A invisibilidade social pode configurar-se num fator de violência e de criminalidade, sobretudo quando cessa pela via da insegurança pública. Os invisíveis estão por toda parte, mas nem sempre queremos vê-los. Estão nas ruas, estão nas praças, estão nas favelas, estão entre refugiados e migrantes, estão nos lixões, estão nas esquinas, nos arredores de algum empreendimento ou em modestos serviços do cotidiano.
Nosso olhar, todavia, está por demais condicionado culturalmente para não querer percebê-los ou simplesmente para ignorá-los. Eles existem, mas não os vemos. Talvez porque, um tanto inconscientemente, fazemos questão de não perceber o que não nos agrada.
Acontece algo assim também com a memória: selecionamos lembranças. Quando não percebemos nem fazemos conta de alguém, nosso olhar é seletivo. É preciso estar atento para as razões dessa seletividade, a fim de que ela não esteja baseada nalgum preconceito ou discriminação social, seja por conta da raça ou da cor da pele, seja por questão de gênero, seja por motivo de classe social, seja por causa de lugar de origem, seja em virtude de opção política ou ideológica, seja a pretexto de opção religiosa, e outras causas praticamente indesculpáveis sob o ponto de vista da liberdade cívica e da orientação democrática.

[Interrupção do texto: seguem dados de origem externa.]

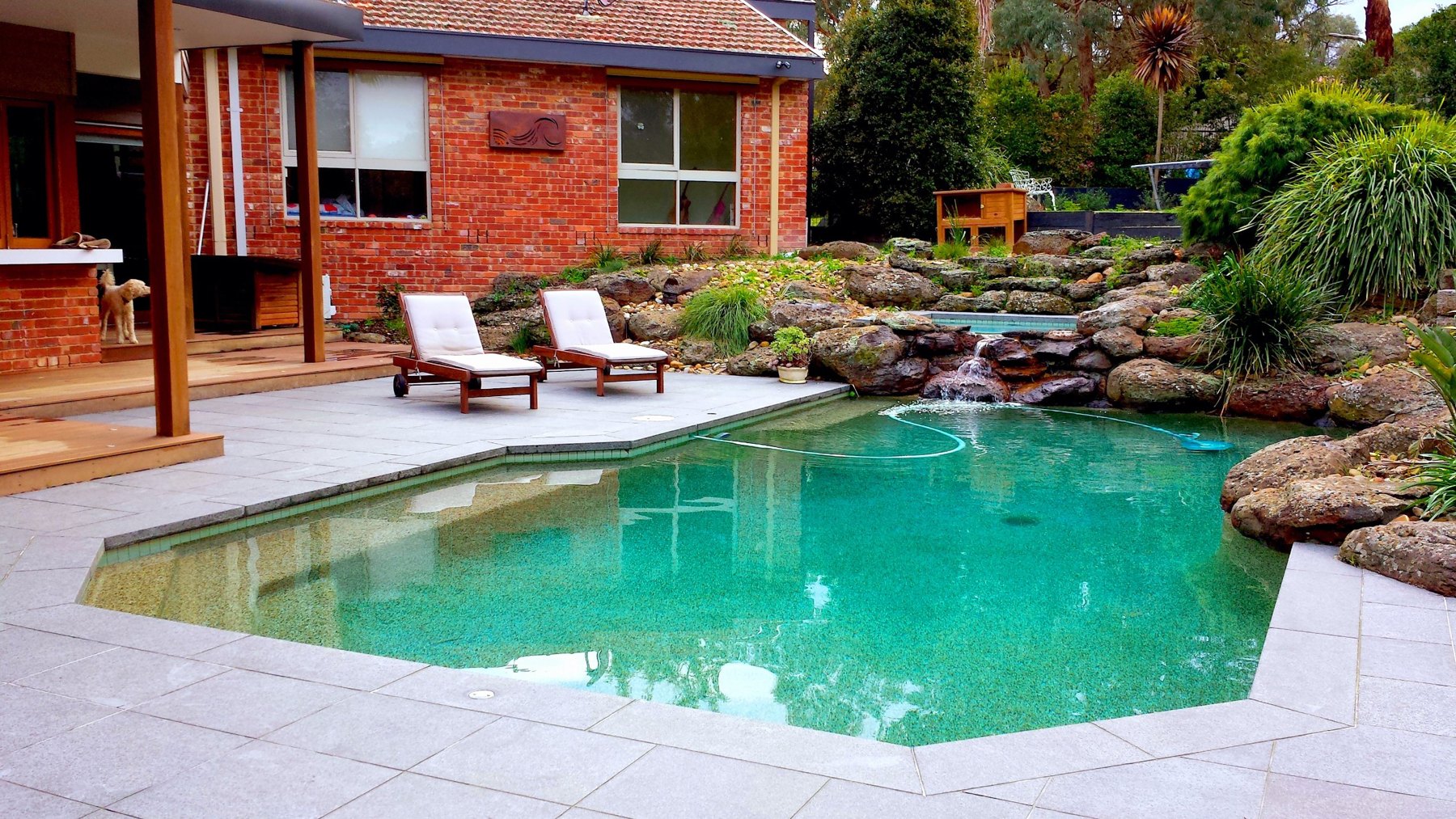 Freeform pool with stone paving, boulders and a waterfall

A negligência para com os invisíveis, isto é, a invisibilidade socialmente imposta pode resultar, e quase sempre tem resultado, em situações de crise, de violência e de prática de delitos, evidenciando o altíssimo “preço” pago pela sociedade por conta dessa indiferença, em especial para com aqueles em situação de maior risco e de vulnerabilidade social.
É preciso que a sociedade e as instituições notem “os invisíveis” antes que seja tarde demais. Antes que eles já tenham “tomado gosto” pela vida de violência, pela atividade ilícita e pela economia do crime. Antes que eles façam opção definitiva pelo obscurantismo, pela mediocridade, pela corrupção. Antes que eles, por fim, sejam percebidos somente quando estiverem apontando uma arma para nossas cabeças ou se apropriando indevidamente de recursos públicos por meio de mandatos e cargos públicos, eletivos ou não.
Não há pior forma de perceber os que há pouco eram invisíveis do que numa dessas situações, sendo vítima de ameaças ou de práticas delituosas dos mesmos. Antes não existiam, mas perceberam que com uma arma, na prática de delitos, passaram a ser notados. Gostar dessa visibilidade é um vício perigoso e, muito frequentemente, fatal seja para a vítima seja para o autor.
O problema é deixar socialmente que se chegue à construção dessa identidade: apreciar a associação à violência, à ilicitude, à corrupção e à delinquência. Identificar-se com essa cultura criminógena é devolver a violenta indiferença e a invisibilidade social da pior forma possível à sociedade: convertendo a invisibilidade num fator de violência e criminalidade. É quando, com efeito, a invisibilidade social se torna uma séria questão de insegurança pública. Por isso, quaisquer que sejam as sociedades nos padrões ocidentais vigentes, suas instituições e órgãos precisam perceber o quanto antes aqueles indivíduos e grupos submetidos a essa invisibilidade social a que nos referimos, principalmente com vistas a evitar maiores problemas de insegurança pública e a promover maior inclusão social, cidadania e valorização da dignidade humana.